J Immunol 2003 Feb 15;170(4):2179-85
Duplan V, Dutartre P, Mars LT, Liblau RS, Druet P, Saoudi A.
Institut National de la Sante et de la Recherche Medicale, Unite 563, Institut Federatif de Recherche 30, and Universite Paul Sabatier, Hopital Purpan, Toulouse, France. Laboratoires Fournier, Daix, France.
Experimental autoimmune encephalomyelitis (EAE) is a T cell-dependent autoimmune disease induced in susceptible animals by a single immunization with myelin basic protein (MBP).
LF 15-0195 is a novel immunosuppressor that has been shown to have a potent immunosuppressive effect in several pathological manifestations.
The purpose of this study was to investigate the effect of this drug on the induction and progression of established rat EAE and to dissect the mechanisms involved.
We show that LF 15-0195 administration at the time of MBP immunization reduces the incidence and severity of EAE in Lewis rats.

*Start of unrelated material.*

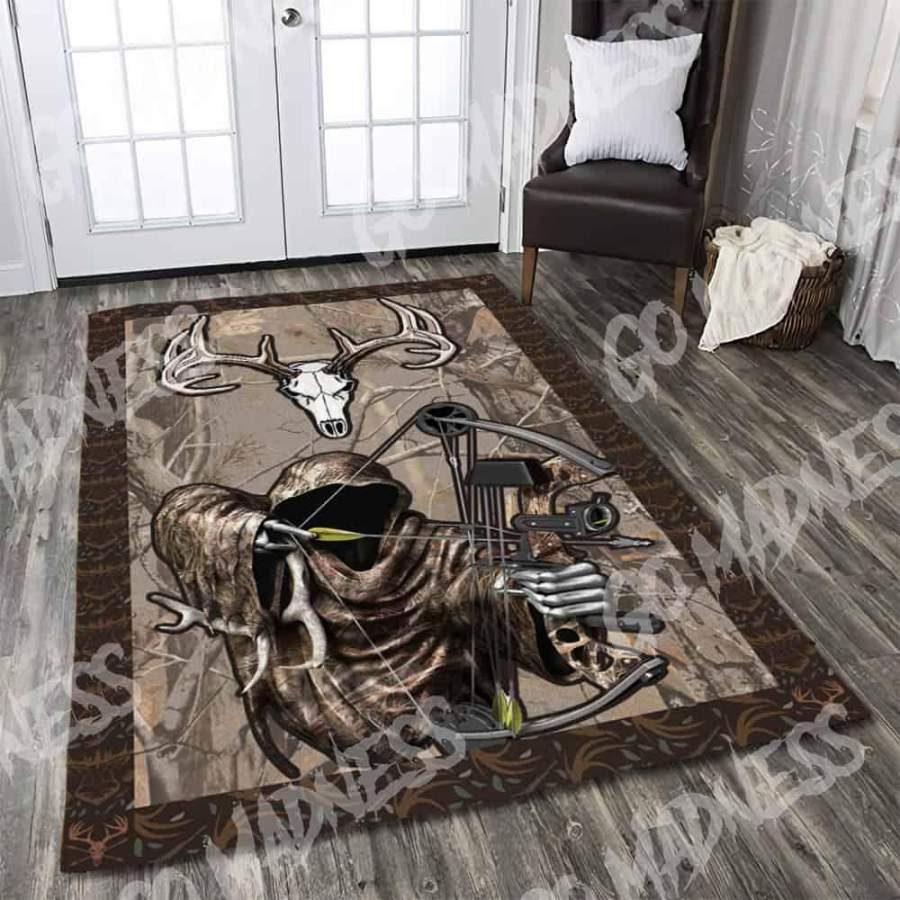 Deer Hunting CL14100026MDR Rug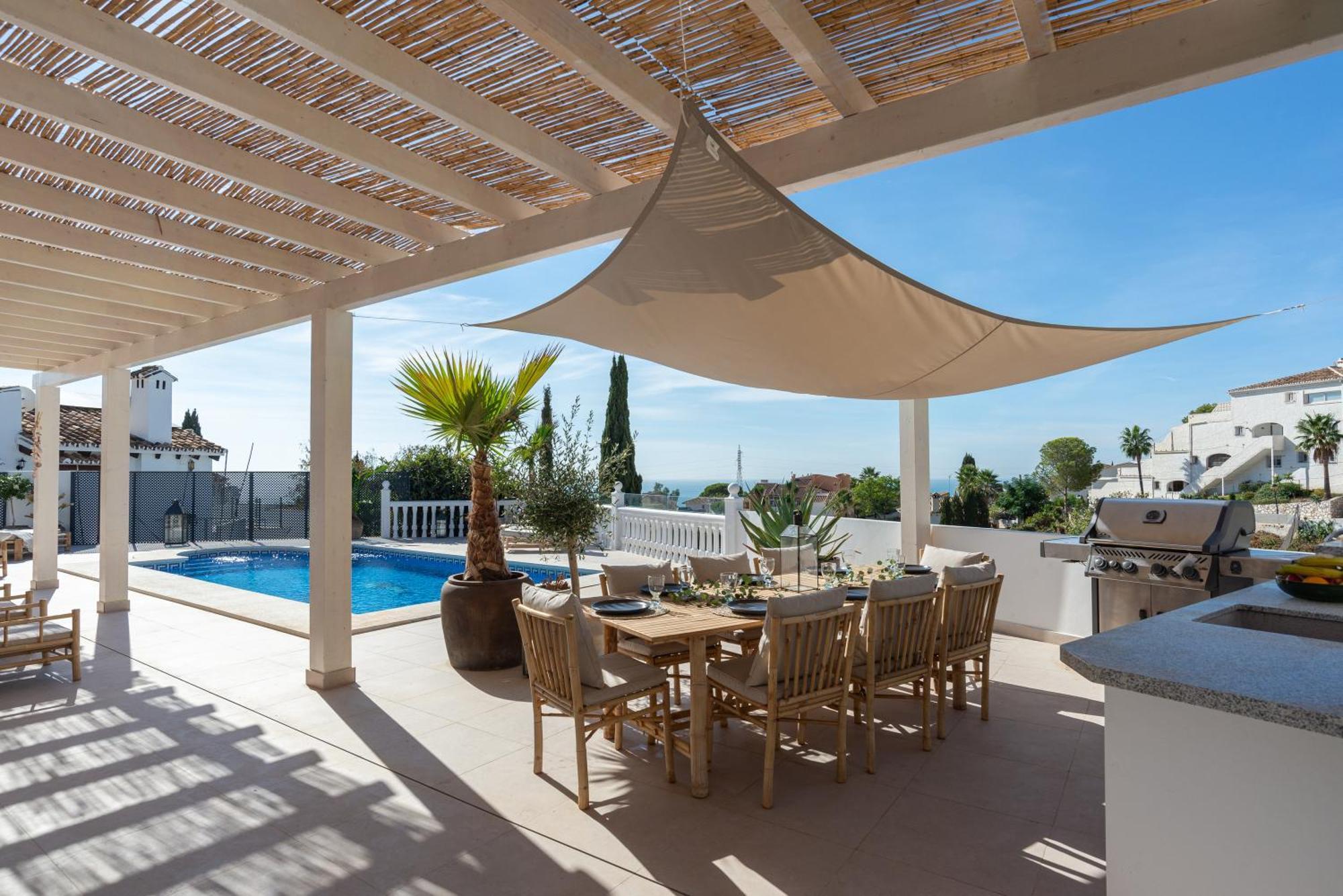 Holiday home With Privat Saltwater Pool Benalmadena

This drug also inhibits ongoing and passively induced EAE, indicating that LF 15-0195 affects already differentiated pathogenic lymphocytes.
Compared with lymph node cells from untreated rats, lymphocytes from MBP-immunized rats treated with LF 15-0195 proliferated equally well in response to MBP in vitro, while their ability to produce effector cytokines and to transfer EAE into syngeneic recipients was significantly reduced.
This phenomenon is stable and long-lasting.
Indeed, neither IL-12 nor repeated stimulation with naive APC and MBP in vitro rendered MBP-specific CD4 T cells from protected rats encephalitogenic.
In conclusion, LF 15-0195 treatment suppresses EAE by interfering with both the differentiation and effector functions of autoantigen-specific CD4 T cells.